The HEIF grid image item is limited to images with less than 256x256 tiles because the number of tiles per row/column is stored in an 8 bit integer and also because the number of references in iref is limited to 65535. Moreover, it has significant overhead because each tile image has a copy of the metadata iinf, ipma, iref, iloc that sum to >3.3 MB for a 256x255 tile image. This metadata is significant because it has to be loaded completely before decoding the image can start.

To support larger images, this proposal introduces a new image item_type = 'tili', as an alternative to grid.

Use Cases

  • Store 2D images in a tiled memory layout, supporting random access to any chosen tile via byte range access.
  • Support 2D tiling in 3D data structures, such as 2D single wavelength tiles in multicomponent 2D images, such as hyperspectral images.
  • Support 2D tiling in 4D data structures, where the four dimensions are occupied by 2D images, multiple color (wavelength) components as the third dimension, and time as the 4 th dimension.

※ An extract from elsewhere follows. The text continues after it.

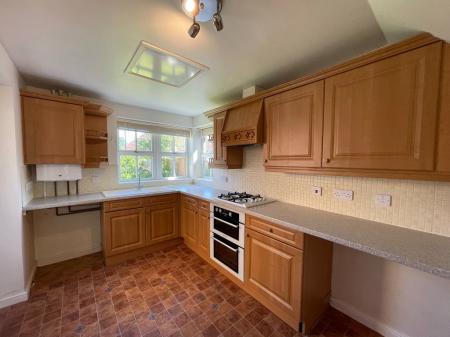 3 bedroom Semi-detached house to let in Wych Elm road, Oadby Grange, Leicester, LE2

An example is multi or hyperspectral video or image sequences.
  • Note: before we list others, a literature search on MPEG (OMAF, etc.) and other 3D/4D tiling schemes (Cesium 3D tiles, etc.) is warranted to ensure there isn’t unwanted duplication.

Requirements

The following requirements are defined for the tiled media content using the tili syntax:

  • support for arbitrarily large resolutions (over 1M x 1M pixels in a single image)
  • much less overhead than grid,
  • enable streaming the image content over the internet with small initial setup delays,
  • support tiled images in which some tiles are blank and not covered with image data,
  • saving tiles in arbitrary order to allow gradually growing files,
  • interleaved storage of multiple tiled images, e.g. for multi-resolution pyramids where storage of the lower resolution layer is interleaved with the higher-resolution layers,
  • ability to build multi-resolution pyramids with a mixture of grid, tili, and unci images to have partial compatibility to software without tili support.

tili Image Item

An image item of type tili is an image stored as independently compressed image tiles. The compressed data of all tiles is concatenated and a table of offset pointers to the start of the individual tiles is stored in front of the compressed data. This allows to load both the image tiles and also the pointers to the tile on demand. A tili image item also enables storing volumetric or higher dimensional data (e.g. hyper-spectral images or time series) as a set of 2D image tiles.

Definition

  • Box type: 'tilC'
  • Container: ItemPropertyContainerBox
  • Property type: Descriptive item property
  • Mandatory (per item): Yes, for an image item of type 'tili'

The TiledImageConfigurationBox specifies the tile resolution and the compression codec used to store the image tiles in an image of type tili. For N-dimensional (N>2) images, it also specifies the resolution of these extra dimensions.

Syntax

aligned(8) class TiledImageConfigurationBox
extends ItemFullProperty('tilC', version=0, flags) {

  unsigned int(32) tile_width;
  unsigned int(32) tile_height;

  unsigned int(32) tile_compression_type;

  unsigned int(8) number_of_extra_dimensions;
  for (int i=0; i<number_of_extra_dimensions; i++) {
    unsigned int(32) dimension_size[i];
  }
}

Semantics

  • tile_width, tile_height is the size of a single tile. All tiles have the same size. Tiles at the right or bottom border may extend beyond the total image size.
  • tile_compression_type specifies the compression codec used for all the individual tile images. tile_compression_type is one of the possible four-character types of ordinary image items (e.g. hvc1 for h265 compression or j2k1 for JPEG2000).
  • number_of_extra_dimensions specifies the number of dimensions of the N-dimensional image as number_of_extra_dimensions = N - 2. A 2D image has number_of_extra_dimensions=0.
  • dimension_size[i] specifies the size of dimension i+2 of the N-dimensional image. The size of the first two dimensions is obtained from the mandatory ispe item property.
  • OffsetFieldLength = OFFS_LEN[flags & 0x03] defines the number of bits used to store the offset to the image data of a specific tile. OFFS_LEN[] = [ 32, 40, 48, 64 ]
  • SizeFieldLength = SIZE_LEN[(flags>>2) & 0x03] defines the number of bits used to store the length of the image data of a specific tile. SIZE_LEN[] = [ 0, 24, 32, 64 ]
  • (flags & 0x10) is a hint to a decoder whether the compressed tile image data is stored consecutively in sequential order.

tili Item Data

The item data consists of an offset pointer table TiledImageOffsetTable, followed by the compressed image data.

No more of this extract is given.